When a line in the material contains the word "Size", copy it.

-- RECORDS follows --

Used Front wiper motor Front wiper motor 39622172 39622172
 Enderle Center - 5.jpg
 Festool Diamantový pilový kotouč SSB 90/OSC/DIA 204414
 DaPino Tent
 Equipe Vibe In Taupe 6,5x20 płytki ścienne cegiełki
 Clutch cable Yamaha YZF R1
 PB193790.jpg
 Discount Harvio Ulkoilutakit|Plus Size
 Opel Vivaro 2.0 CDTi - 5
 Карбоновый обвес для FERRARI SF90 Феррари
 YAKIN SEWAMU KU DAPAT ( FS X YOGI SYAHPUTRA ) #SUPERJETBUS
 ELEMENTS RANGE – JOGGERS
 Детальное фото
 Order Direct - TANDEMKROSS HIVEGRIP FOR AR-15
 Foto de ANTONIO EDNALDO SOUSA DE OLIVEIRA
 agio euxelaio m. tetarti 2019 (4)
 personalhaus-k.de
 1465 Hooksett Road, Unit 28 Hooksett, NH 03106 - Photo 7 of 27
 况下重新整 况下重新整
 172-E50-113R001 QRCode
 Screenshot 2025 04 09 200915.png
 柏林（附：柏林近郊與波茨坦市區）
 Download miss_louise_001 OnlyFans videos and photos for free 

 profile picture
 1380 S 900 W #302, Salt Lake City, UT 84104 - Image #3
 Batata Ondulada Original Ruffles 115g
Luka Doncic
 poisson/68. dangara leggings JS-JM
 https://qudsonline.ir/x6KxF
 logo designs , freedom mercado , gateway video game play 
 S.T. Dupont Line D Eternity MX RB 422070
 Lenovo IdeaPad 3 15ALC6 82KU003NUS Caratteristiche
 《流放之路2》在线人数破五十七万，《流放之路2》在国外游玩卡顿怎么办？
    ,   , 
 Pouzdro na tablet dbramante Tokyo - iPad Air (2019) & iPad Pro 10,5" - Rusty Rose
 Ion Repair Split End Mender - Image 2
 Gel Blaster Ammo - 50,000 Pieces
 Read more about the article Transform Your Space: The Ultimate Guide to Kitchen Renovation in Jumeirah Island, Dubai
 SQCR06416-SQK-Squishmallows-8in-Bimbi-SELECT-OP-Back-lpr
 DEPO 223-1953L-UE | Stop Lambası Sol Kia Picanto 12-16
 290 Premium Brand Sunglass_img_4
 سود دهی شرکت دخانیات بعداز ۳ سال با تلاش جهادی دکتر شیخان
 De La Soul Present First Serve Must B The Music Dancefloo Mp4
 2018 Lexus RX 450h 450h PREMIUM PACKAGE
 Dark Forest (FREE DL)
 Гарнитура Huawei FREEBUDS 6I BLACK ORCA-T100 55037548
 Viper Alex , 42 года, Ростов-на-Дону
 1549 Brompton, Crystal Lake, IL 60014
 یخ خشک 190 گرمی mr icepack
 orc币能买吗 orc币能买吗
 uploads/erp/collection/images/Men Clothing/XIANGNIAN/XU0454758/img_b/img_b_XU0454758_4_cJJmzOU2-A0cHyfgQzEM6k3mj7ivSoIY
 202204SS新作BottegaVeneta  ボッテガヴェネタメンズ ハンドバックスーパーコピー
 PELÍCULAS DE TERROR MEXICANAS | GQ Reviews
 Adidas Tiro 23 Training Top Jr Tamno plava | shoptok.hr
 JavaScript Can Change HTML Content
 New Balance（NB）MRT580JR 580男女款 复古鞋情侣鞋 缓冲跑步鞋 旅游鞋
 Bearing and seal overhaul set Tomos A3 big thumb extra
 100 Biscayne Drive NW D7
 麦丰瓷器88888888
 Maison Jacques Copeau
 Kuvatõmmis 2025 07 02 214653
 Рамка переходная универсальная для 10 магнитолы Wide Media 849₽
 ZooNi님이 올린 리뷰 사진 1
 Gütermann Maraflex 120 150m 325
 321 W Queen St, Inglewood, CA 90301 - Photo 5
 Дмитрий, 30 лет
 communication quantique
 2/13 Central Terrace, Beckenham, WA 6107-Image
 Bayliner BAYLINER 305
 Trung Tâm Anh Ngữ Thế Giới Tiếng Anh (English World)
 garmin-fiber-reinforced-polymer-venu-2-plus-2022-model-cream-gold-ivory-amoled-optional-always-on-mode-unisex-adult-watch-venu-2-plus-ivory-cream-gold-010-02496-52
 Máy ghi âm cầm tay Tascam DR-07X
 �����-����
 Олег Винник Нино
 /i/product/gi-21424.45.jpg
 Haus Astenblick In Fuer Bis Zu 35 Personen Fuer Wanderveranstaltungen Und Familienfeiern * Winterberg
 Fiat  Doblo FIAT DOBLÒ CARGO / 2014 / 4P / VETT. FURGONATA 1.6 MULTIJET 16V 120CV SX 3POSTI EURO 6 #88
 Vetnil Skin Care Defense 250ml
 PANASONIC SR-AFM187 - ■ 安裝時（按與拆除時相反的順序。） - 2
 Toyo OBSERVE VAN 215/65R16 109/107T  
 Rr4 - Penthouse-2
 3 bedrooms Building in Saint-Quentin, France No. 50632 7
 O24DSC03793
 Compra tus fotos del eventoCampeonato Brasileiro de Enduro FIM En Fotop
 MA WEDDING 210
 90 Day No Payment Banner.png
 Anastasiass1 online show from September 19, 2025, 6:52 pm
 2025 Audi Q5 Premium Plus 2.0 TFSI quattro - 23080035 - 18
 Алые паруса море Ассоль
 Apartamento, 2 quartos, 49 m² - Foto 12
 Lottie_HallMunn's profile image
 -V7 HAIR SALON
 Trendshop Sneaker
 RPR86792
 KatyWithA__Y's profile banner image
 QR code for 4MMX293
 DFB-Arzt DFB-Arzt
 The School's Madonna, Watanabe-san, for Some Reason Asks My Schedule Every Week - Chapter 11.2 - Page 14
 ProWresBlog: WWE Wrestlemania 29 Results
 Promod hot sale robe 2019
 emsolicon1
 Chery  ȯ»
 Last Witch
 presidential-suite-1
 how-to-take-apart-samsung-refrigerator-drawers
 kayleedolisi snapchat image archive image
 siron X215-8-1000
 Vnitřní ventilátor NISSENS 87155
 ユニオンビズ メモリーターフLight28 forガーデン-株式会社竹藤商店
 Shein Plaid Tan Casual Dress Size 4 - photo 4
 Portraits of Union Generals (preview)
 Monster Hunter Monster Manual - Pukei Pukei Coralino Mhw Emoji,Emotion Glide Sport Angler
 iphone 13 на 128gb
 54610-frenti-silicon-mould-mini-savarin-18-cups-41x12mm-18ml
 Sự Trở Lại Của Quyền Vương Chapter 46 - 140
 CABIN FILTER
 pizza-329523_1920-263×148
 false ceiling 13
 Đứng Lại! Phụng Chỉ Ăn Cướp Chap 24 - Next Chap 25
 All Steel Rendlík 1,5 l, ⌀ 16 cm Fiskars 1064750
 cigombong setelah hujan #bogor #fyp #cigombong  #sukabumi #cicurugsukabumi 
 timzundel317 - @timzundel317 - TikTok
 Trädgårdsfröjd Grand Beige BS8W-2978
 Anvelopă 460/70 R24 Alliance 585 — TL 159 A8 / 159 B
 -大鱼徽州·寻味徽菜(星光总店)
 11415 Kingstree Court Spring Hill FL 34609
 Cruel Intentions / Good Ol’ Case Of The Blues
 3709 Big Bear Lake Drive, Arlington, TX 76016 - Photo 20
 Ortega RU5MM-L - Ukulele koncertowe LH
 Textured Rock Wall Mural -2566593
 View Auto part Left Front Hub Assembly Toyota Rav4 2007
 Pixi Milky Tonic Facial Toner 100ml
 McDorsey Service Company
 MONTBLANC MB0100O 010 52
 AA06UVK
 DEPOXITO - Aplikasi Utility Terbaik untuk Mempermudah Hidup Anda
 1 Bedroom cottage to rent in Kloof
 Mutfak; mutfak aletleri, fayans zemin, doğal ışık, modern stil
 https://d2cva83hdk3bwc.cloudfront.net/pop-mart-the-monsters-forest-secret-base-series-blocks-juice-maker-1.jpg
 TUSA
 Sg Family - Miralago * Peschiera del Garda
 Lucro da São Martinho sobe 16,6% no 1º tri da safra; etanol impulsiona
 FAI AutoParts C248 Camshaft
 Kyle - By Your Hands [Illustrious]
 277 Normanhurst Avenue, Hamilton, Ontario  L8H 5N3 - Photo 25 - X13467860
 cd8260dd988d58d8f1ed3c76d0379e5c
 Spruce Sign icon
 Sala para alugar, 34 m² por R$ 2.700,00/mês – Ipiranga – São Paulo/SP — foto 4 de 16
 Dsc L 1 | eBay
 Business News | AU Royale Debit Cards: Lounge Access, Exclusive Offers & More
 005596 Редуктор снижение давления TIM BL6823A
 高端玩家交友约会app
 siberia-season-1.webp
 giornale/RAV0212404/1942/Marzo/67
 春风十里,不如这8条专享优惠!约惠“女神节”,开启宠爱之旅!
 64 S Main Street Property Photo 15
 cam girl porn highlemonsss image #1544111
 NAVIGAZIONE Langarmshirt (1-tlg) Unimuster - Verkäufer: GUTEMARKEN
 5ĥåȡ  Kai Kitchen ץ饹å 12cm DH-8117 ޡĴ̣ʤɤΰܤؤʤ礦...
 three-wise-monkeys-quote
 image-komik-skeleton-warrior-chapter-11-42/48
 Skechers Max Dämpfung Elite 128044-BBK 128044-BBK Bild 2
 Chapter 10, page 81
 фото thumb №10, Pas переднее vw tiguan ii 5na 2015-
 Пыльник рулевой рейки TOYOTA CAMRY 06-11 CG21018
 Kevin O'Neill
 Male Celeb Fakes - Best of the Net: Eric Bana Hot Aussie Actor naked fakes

-- RECORDS concluded --

• REPLY TO THE TASK
 Discount Harvio Ulkoilutakit|Plus Size
 Shein Plaid Tan Casual Dress Size 4 - photo 4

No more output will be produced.